In [None]:
# Here I am loading the required packages, to run the code
import cv2
import numpy as np
from ultralytics import YOLO
from collections import defaultdict

In [None]:
# Here I specify the path to the best weights from our main model, YOLOv11
model_path = r"C:\Users\rasmn\Desktop\Speciale\YOLO\runs_YOLO11\train\weights\best.pt"

# I specify the path to the first test image, since the model performed well on the unaltered version
image_path = "test_image1.jpg"

# I specify the output path, but I need to manually change it depending on which of the three configurations I choose further down.
output_path = "whiteout_mirrored_output.jpg"
#output_path = "green_mirrored_output.jpg"
#output_path = "flipped_green_mirrored_output.jpg"

# Specify which model to use, in this case our fine-tuned YOLOv11 model.
model = YOLO(model_path)
# Load the original image
original_img = cv2.imread(image_path)

# Load the height and width of the image
h, w = original_img.shape[:2]

# Use the fine-tuned model to detect the symbols on the page at a resolution of 2000 (while maintaining the aspect ratio as descriped in the thesis)
results = model.predict(source=image_path, imgsz=2000)

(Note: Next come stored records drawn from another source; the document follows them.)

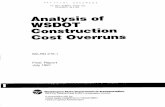 Analysis of WSDOT Construction Cost Overruns · Title: Analysis of WSDOT Construction Cost Overruns Author: Jimmie Hinze, Gregory A. Selstead Subject: Bids, Construction, Construction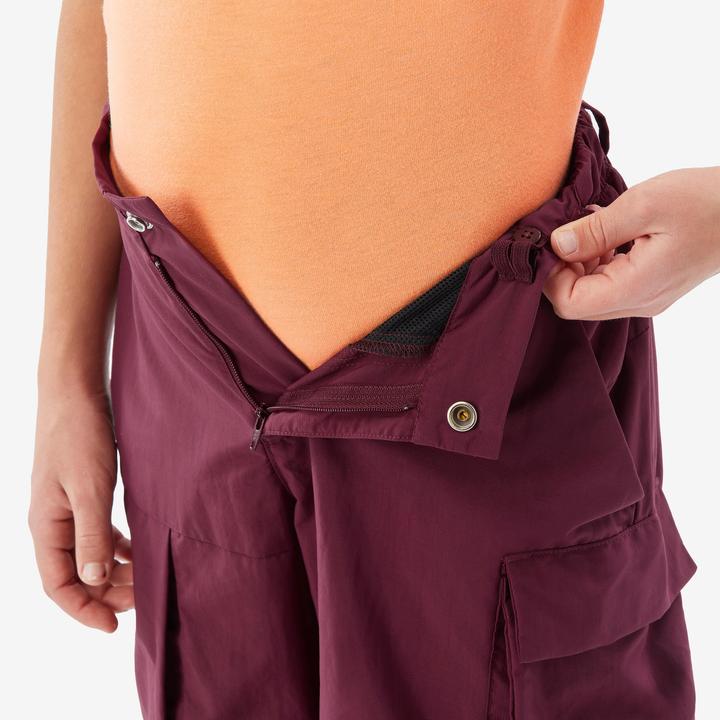 Immagine prodotto Quechua Zip-Off-Hose Kinder Gr. 123–172 Wandern - MH500 bordeaux (8, 9, 10)
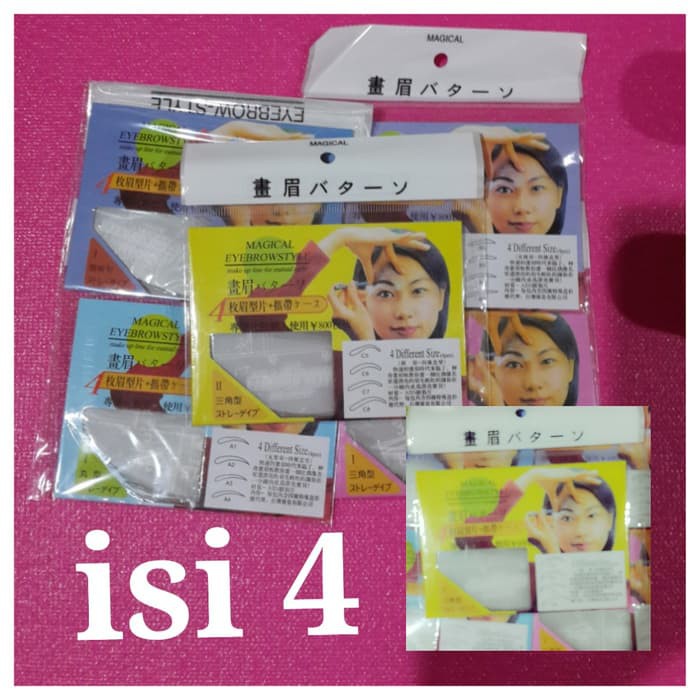alat kecantikan   Cetak alis isi 4 buat belajar buat alis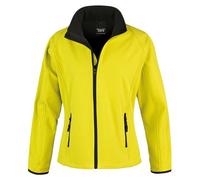 Personalised Printed Women's Core Printable Softshell Jacket Zip Waistcoat R231F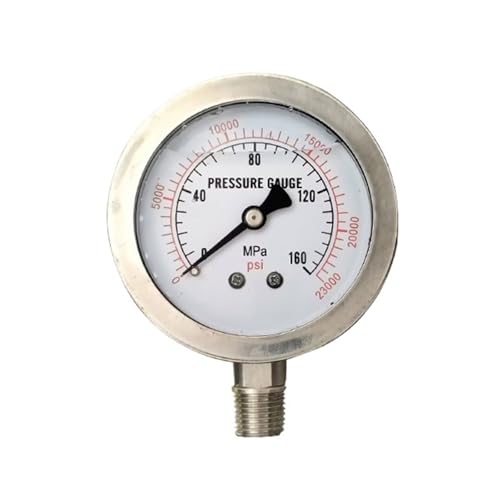 Manomètre antivibratoire en acier inoxydable YN-60BF de 160 MPa ZG1/4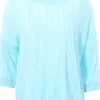 T-shirt girocollo effetto goffrato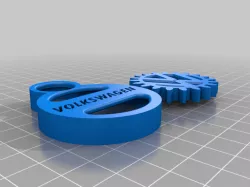 VW GEAR KEY CHAIN
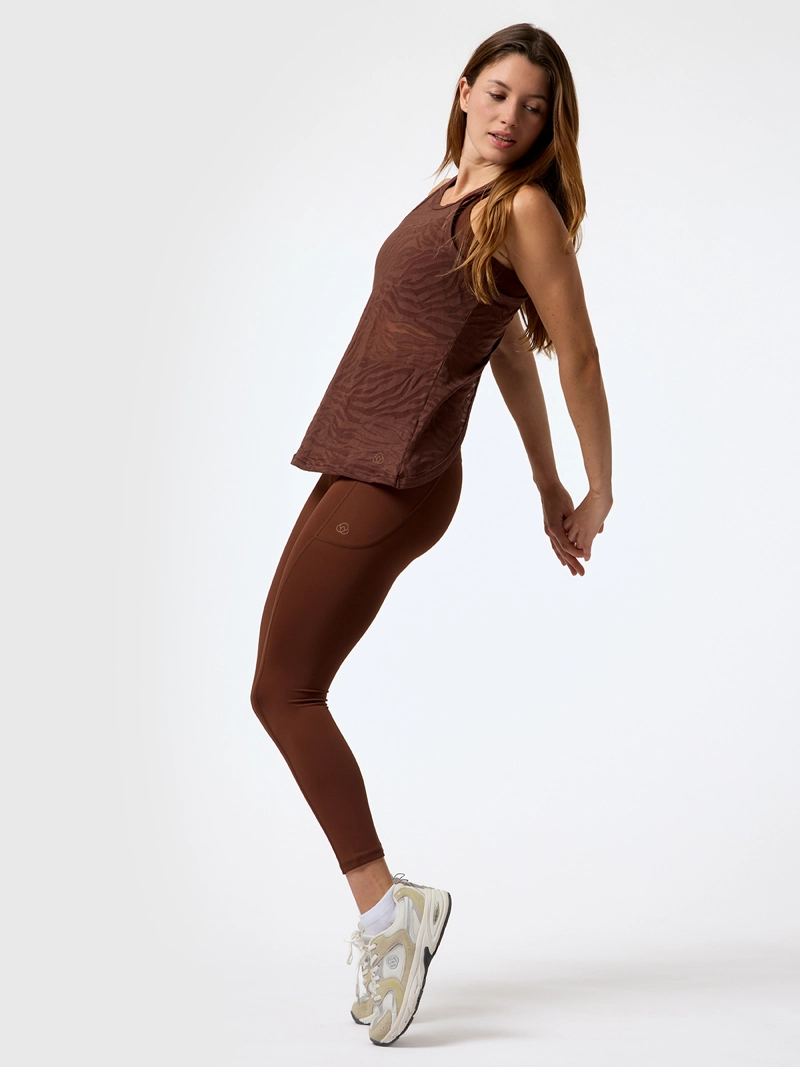 POLERA BURN OUT TANK CAFE  MUJER BSOUL - 2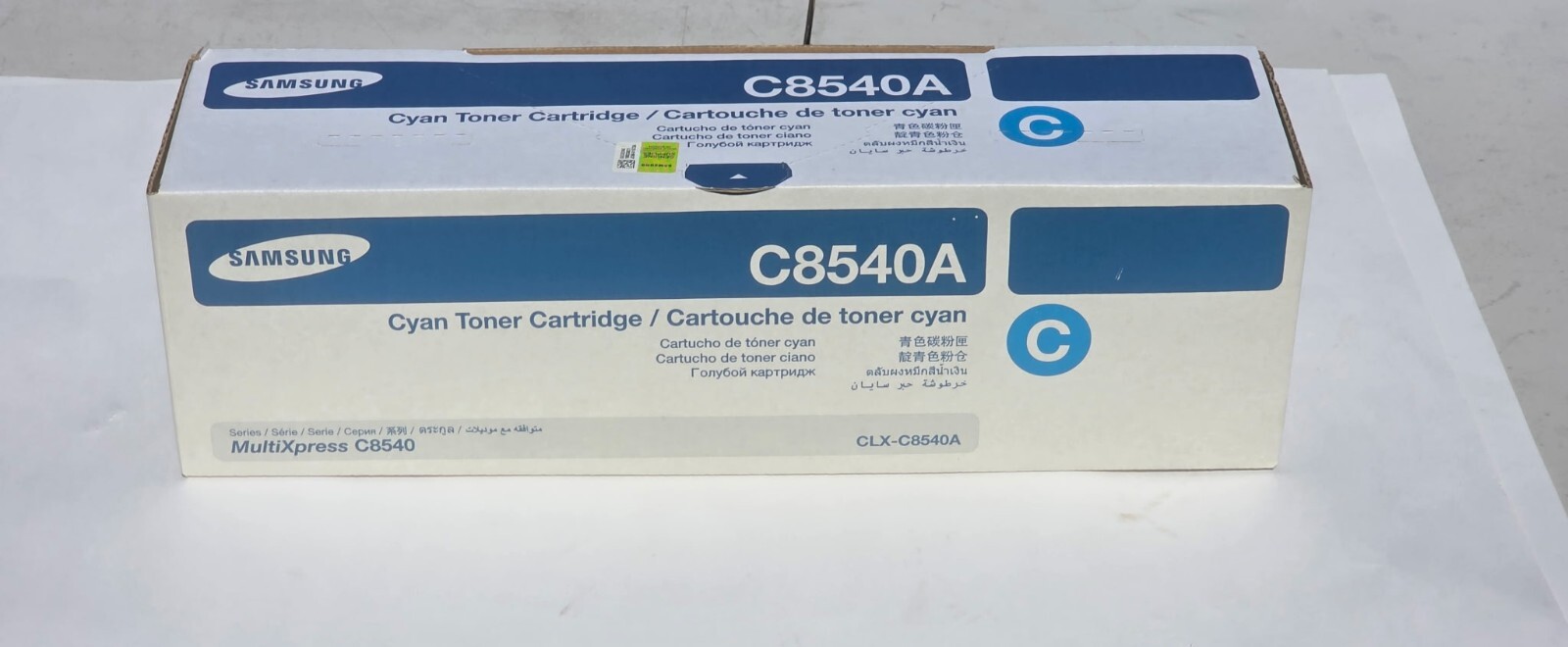 Genuine Samsung CLXC8540A CLX-C8540A Cyan Toner Cartridge C8540 NEW NIB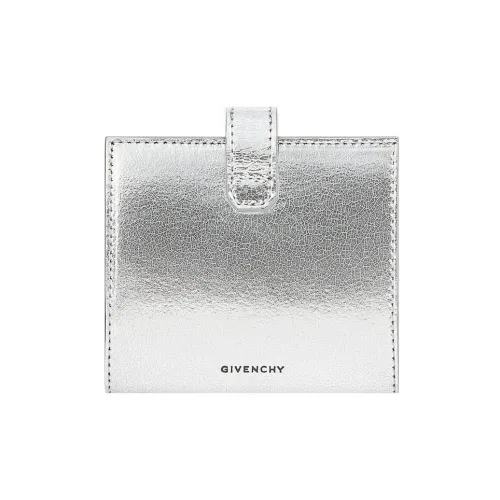 GIVENCHY 4G Sheepskin Wallet Маленький Women's Silver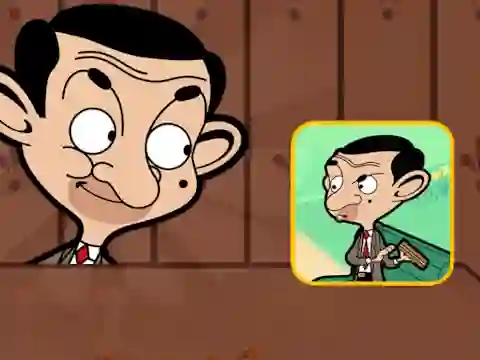 Gêm Mr Bean Solve Puzzle ar-lein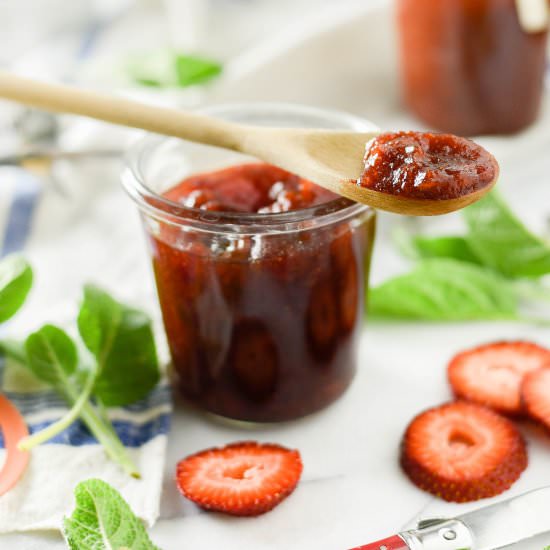 Strawberry Sage Jam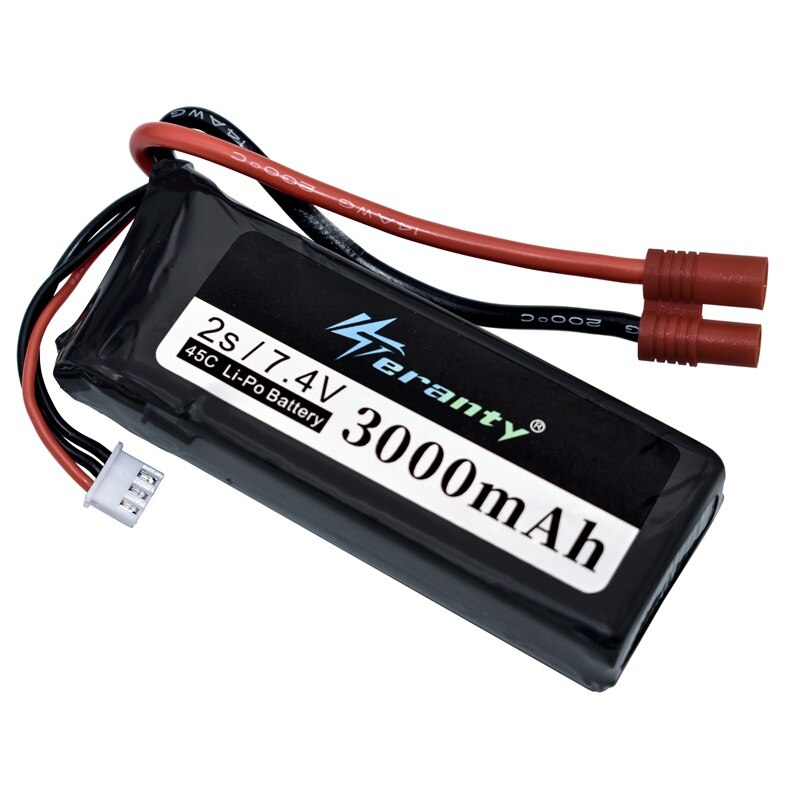 1Pcs Upgrade X8W x8c X8G X8HC X8HW X8HG HQ899 7.4 V 3000mAh Lipo Battery For RC Quadcopter Spare Parts VS 7.4V 2500mah Battery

# Unpacks the bounding boxes from the results, moves the data from GPU to CPU and converts it to a numpy array
boxes = results[0].boxes.xyxy.cpu().numpy()

# Create an empty black mask of the same dimensions as the image
mask = np.zeros((h, w), dtype=np.uint8)

# For each bounding box, set the corresponding region in the mask to white so that we can later extract the symbols
for box in boxes:
    x1, y1, x2, y2 = map(int, box)
    mask[y1:y2, x1:x2] = 255

### FOR THE WHITE BACKGROUND REPLACE bg_color AND colored_bg WITH THIS LINE. CHANGE OUTPUT PATH AND BACKGROUND AS WELL ###

#white_bg = 255 * np.ones_like(original_img)

### FOR THE GREEN BACKGROUND REPLACE white_bg WITH THESE TWO LINES. CHANGE OUTPUT PATH AND BACKGROUND AS WELL ###

# Define the RGB color for the background, here I used an online tool to tell me the RBG value of the background in the original image
bg_color = [99, 123, 113]

# We can then use this to create a full background image filled with the chosen color
colored_bg = np.full_like(original_img, bg_color)

# Extract only the parts of the original image that fall inside the mask (symbols)
foreground = cv2.bitwise_and(original_img, original_img, mask=mask)

# We can then combine the chosen background color with the inverted mask to fill the non-symbol areas, either with white or green
background = cv2.bitwise_and(colored_bg, colored_bg, mask=255 - mask)
#background = cv2.bitwise_and(white_bg, white_bg, mask= 255- mask)

# We can then combine the foreground (which should be our labels) with the new background in a new image
new_img = cv2.add(foreground, background)

# The cv2.flip function is used to mirror the image to differentiate it further 
mirrored_img = cv2.flip(new_img, 1)

# Optional addition of a vertical flip to further test generalization
flipped_img = cv2.flip(mirrored_img, 0)

# Finally we save the new image, based on the settings we chose, with to the specified name/folder
#cv2.imwrite(output_path, mirrored_img)
cv2.imwrite(output_path, flipped_img)
print(f"Saved the new image to: {output_path}")

# The following sections do exactly the same thing, but they are simply set up to run each of the image variations. As such only one of these will be commented, but the comments are relevant for all three. Any code repeated from the previous section will also not be commented.

In [None]:
# Loading the packages and code required to run the following code brackets without having to run the above code again
from ultralytics import YOLO
from collections import defaultdict

model = YOLO("runs_YOLO11/train/weights/best.pt")

In [None]:
results_new = model.predict(source="whiteout_mirrored_output.jpg", imgsz=2000)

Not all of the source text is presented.